#### Description of the task:
Without pictures, repeat exactly the lines from the one containing "Viru Valge Bandana 60×60" through the end of the entries.

========

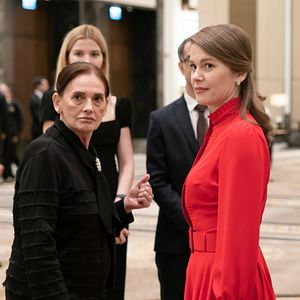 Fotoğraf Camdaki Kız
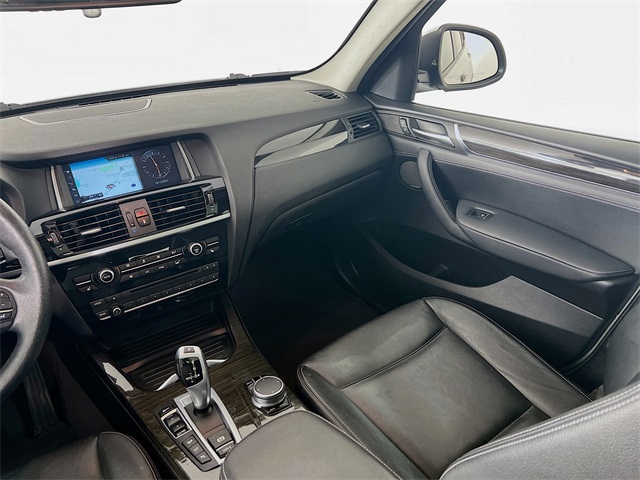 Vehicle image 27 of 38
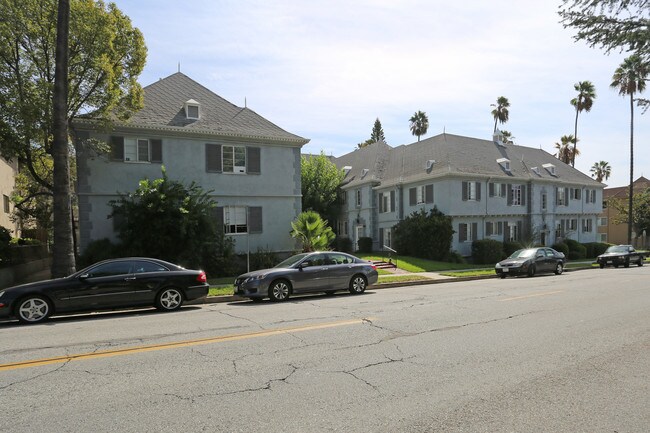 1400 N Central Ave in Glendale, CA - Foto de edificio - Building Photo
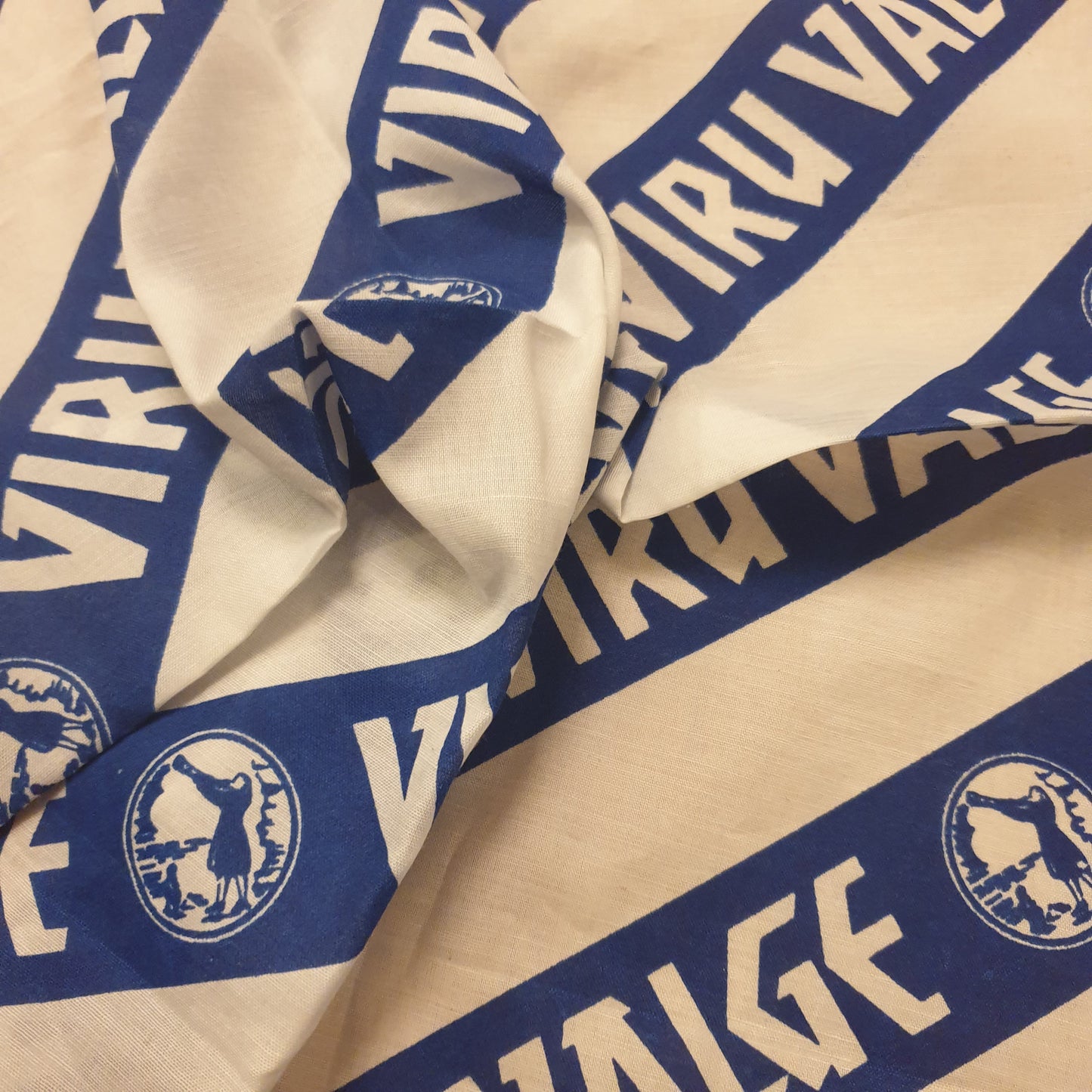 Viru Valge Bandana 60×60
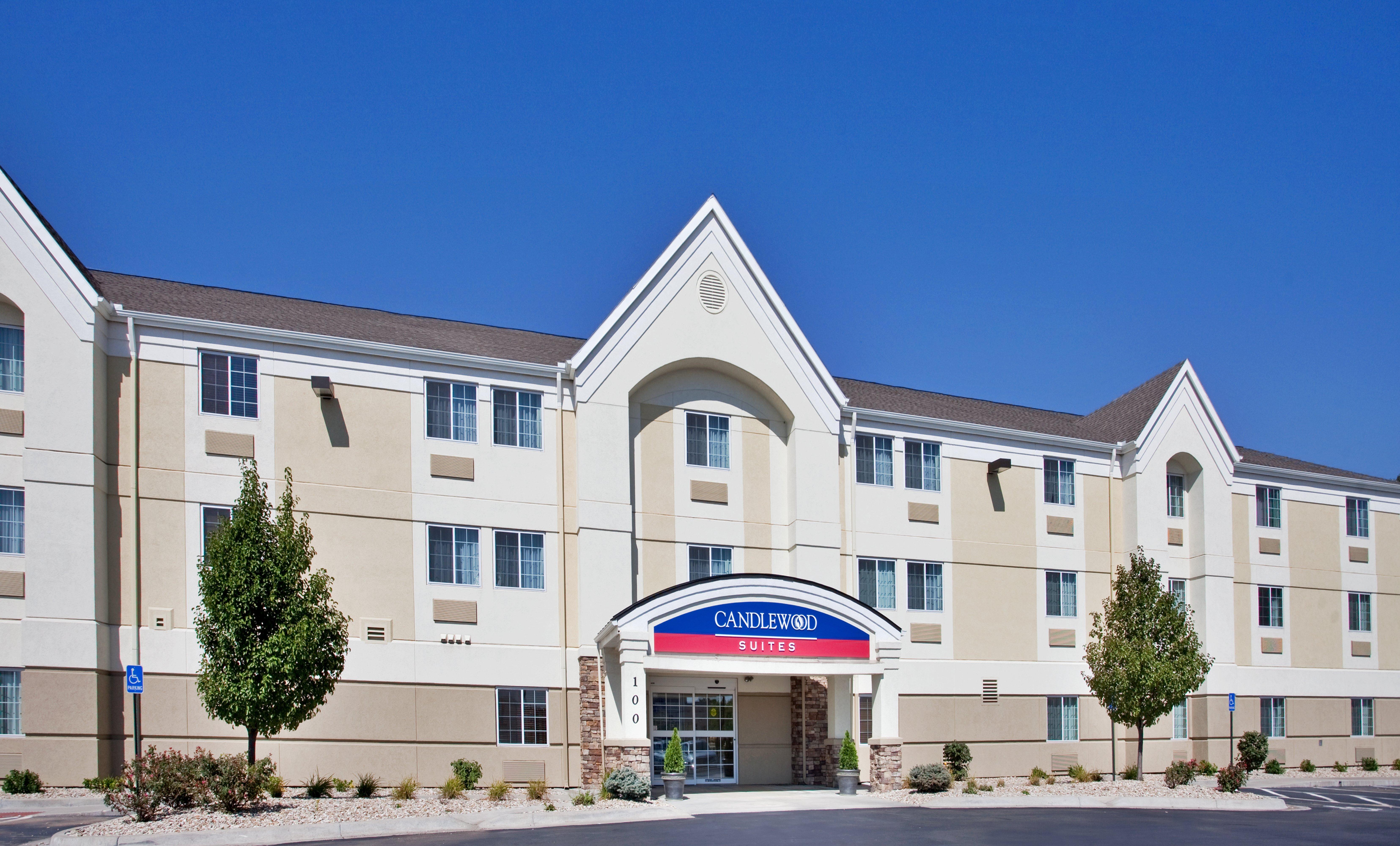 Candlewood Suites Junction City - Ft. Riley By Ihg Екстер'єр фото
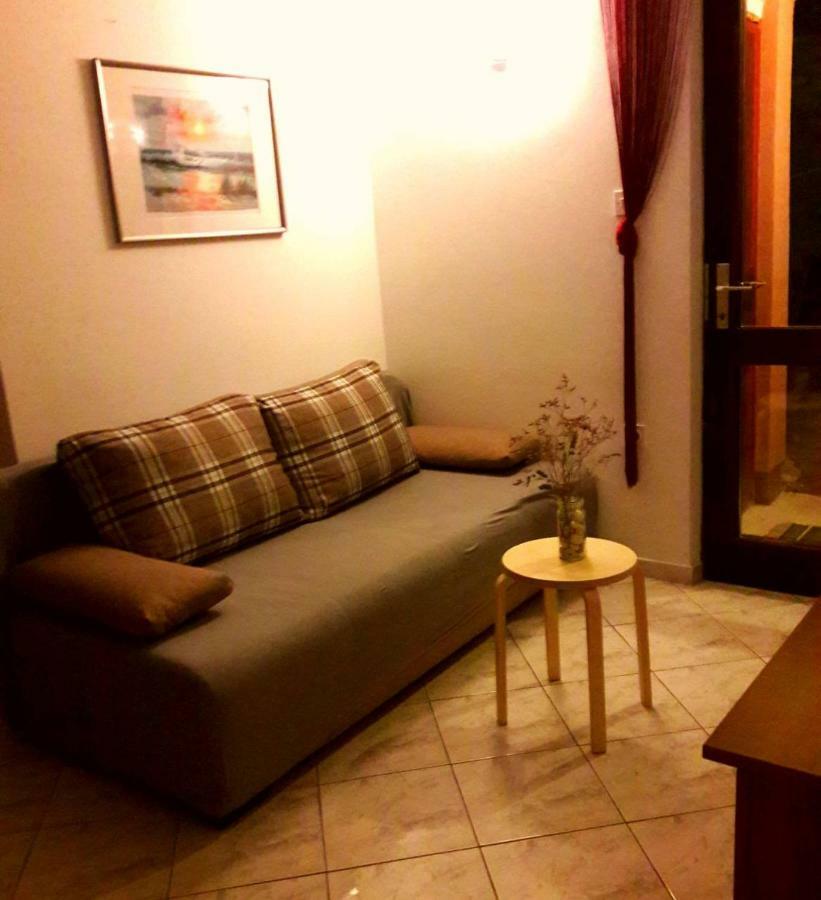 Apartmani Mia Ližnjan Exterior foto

========

#### Output for this task:
 Viru Valge Bandana 60×60
 Candlewood Suites Junction City - Ft. Riley By Ihg Екстер'єр фото
 Apartmani Mia Ližnjan Exterior foto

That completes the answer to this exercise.